Work to complete: From the material below, return exactly the lines starting at the one that holds "Nandita Scott, MD" and ending at the one that holds "Lokal Bydgoszcz. Zdjęcie 16". Pictures stay out of the answer.

Supplied records:
·····

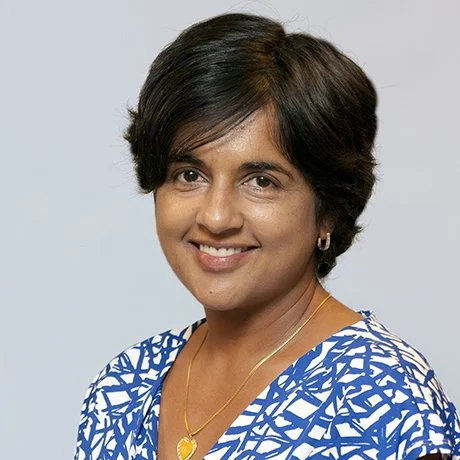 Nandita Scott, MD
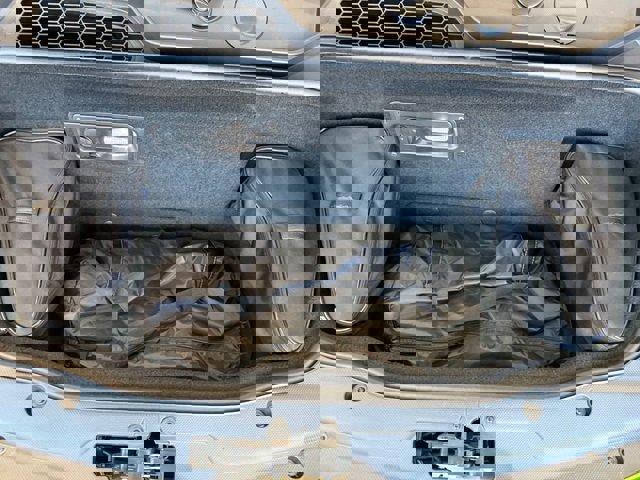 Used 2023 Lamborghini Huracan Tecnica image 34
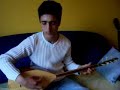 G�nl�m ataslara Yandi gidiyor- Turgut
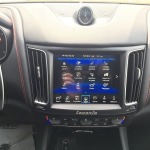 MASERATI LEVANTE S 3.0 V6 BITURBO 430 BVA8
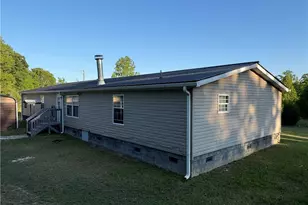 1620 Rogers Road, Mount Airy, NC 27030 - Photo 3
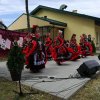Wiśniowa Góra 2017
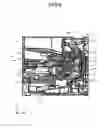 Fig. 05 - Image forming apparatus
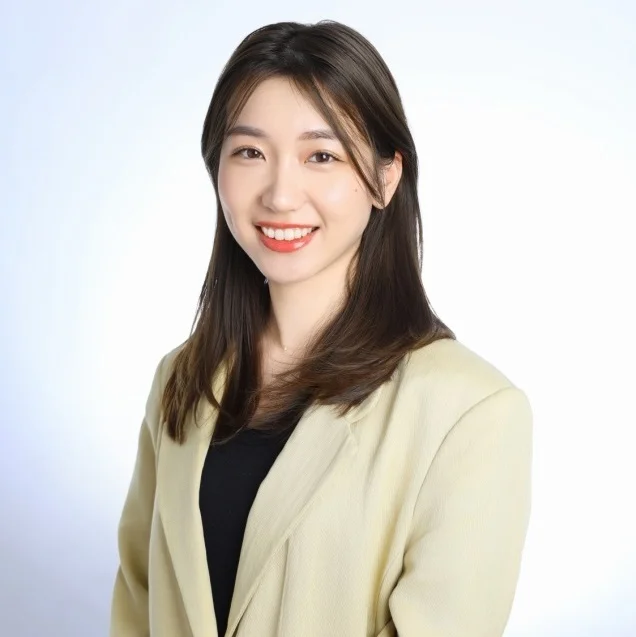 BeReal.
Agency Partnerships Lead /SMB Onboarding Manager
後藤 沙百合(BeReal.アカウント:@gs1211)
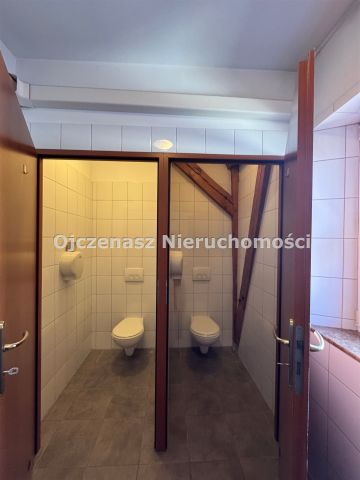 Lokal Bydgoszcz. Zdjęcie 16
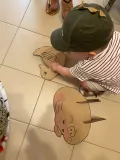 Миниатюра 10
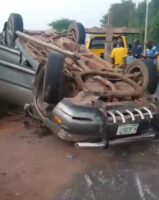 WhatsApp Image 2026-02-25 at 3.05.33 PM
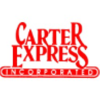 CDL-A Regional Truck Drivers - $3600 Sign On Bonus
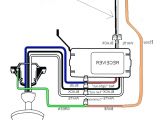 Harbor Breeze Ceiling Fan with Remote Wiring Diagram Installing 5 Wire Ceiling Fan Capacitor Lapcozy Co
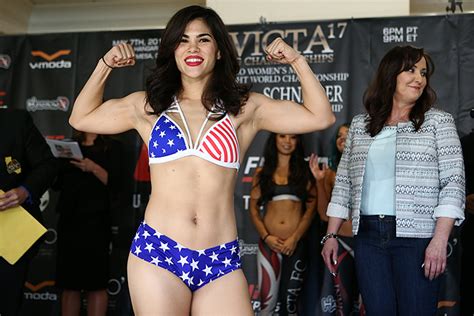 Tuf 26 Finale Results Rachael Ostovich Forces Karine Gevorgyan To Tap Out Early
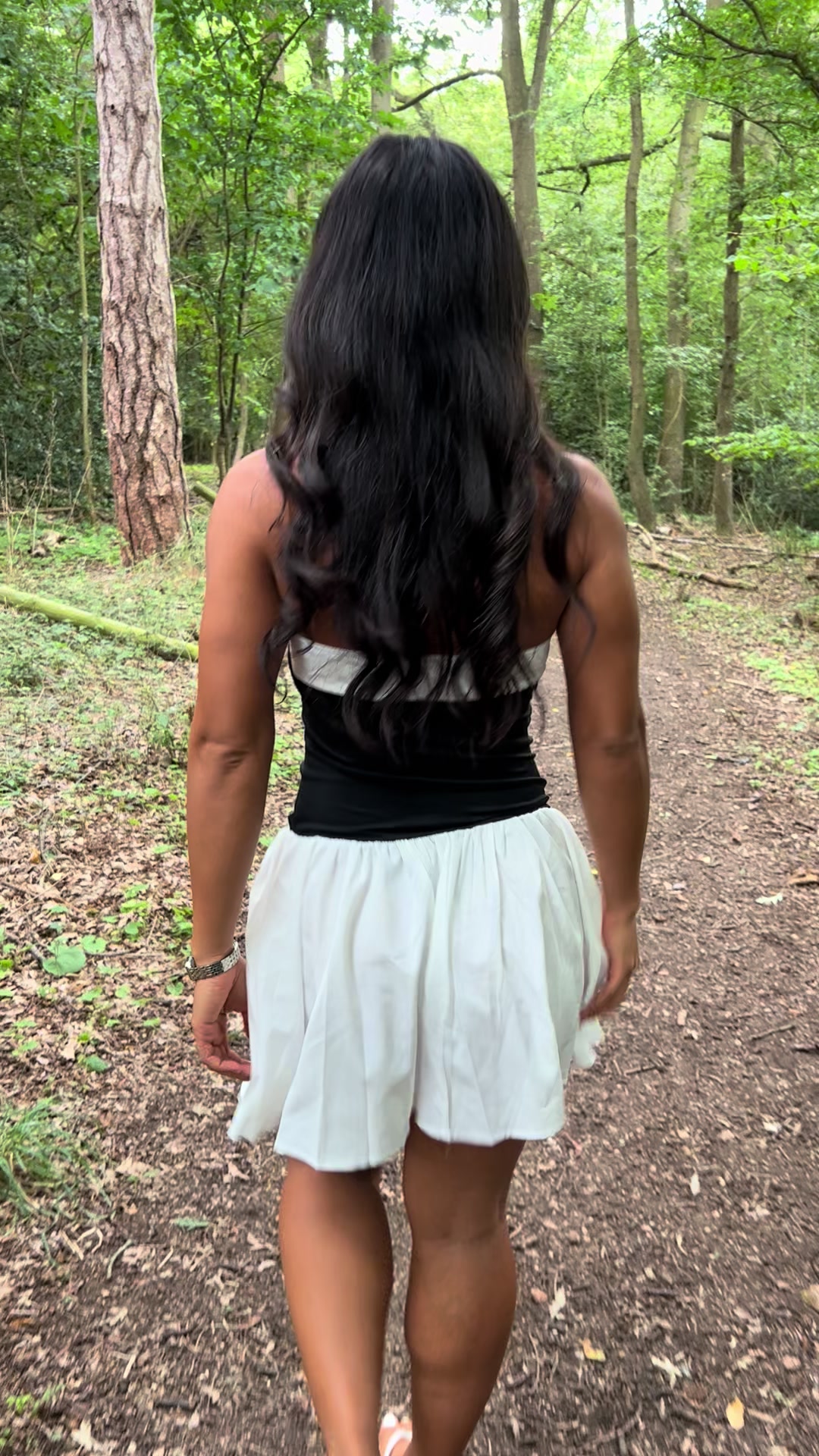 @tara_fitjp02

·····

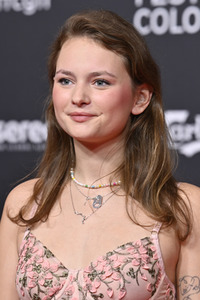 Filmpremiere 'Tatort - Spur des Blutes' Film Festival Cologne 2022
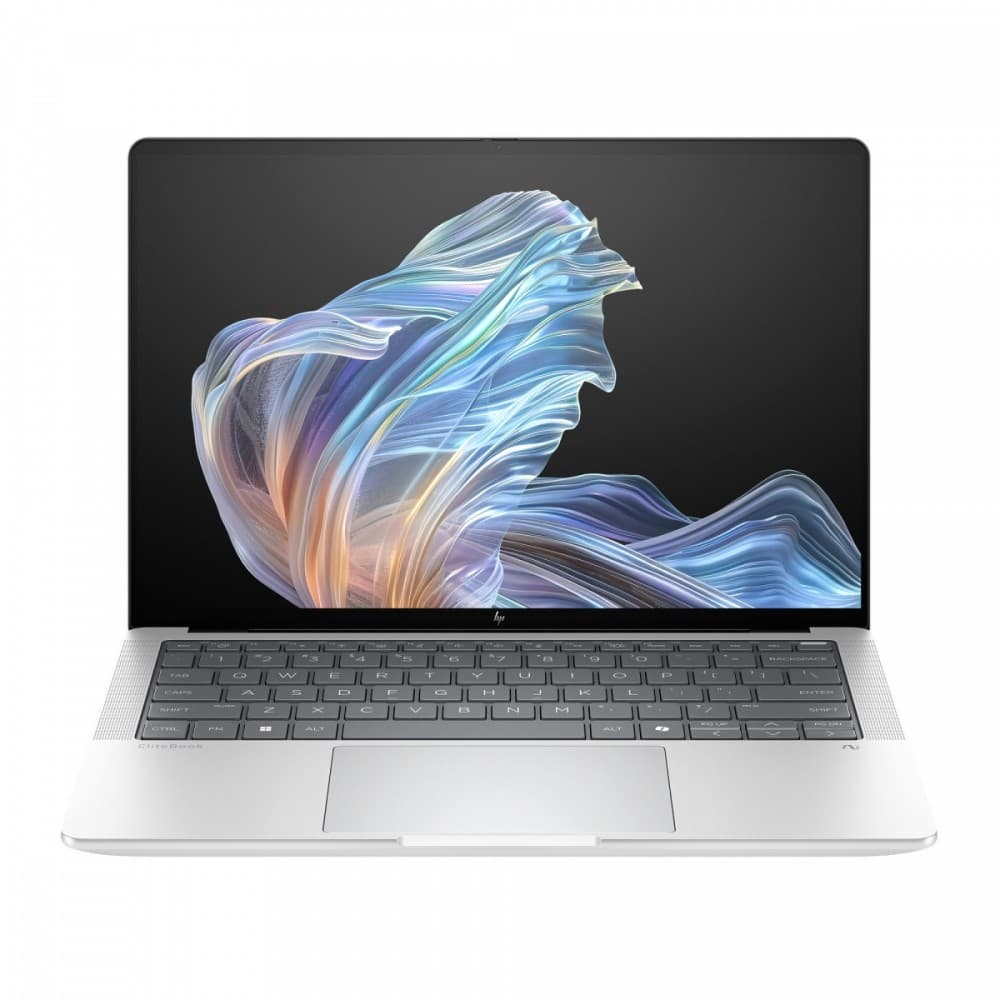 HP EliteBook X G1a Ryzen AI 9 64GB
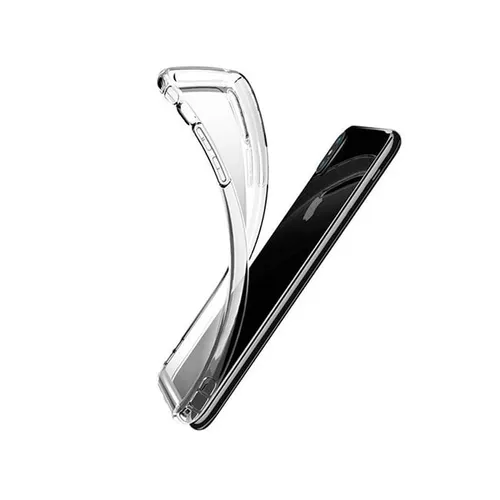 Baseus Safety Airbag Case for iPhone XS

·····

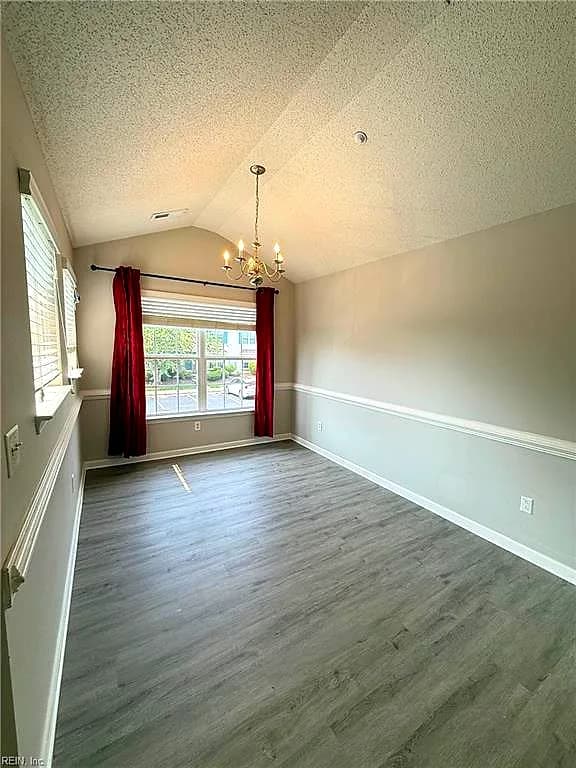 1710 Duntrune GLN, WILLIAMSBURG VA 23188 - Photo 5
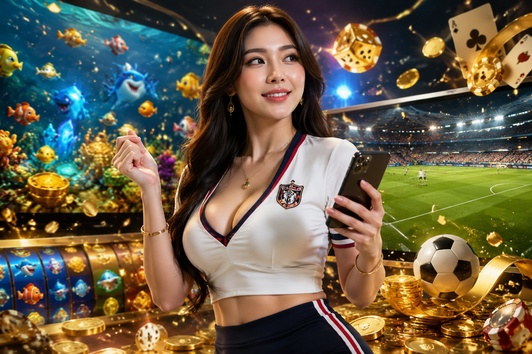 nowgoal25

·····

Task response:
 Nandita Scott, MD
 Used 2023 Lamborghini Huracan Tecnica image 34
 G�nl�m ataslara Yandi gidiyor- Turgut
 MASERATI LEVANTE S 3.0 V6 BITURBO 430 BVA8
 1620 Rogers Road, Mount Airy, NC 27030 - Photo 3
Wiśniowa Góra 2017
 Fig. 05 - Image forming apparatus
 BeReal.
Agency Partnerships Lead /SMB Onboarding Manager
後藤 沙百合(BeReal.アカウント:@gs1211)
 Lokal Bydgoszcz. Zdjęcie 16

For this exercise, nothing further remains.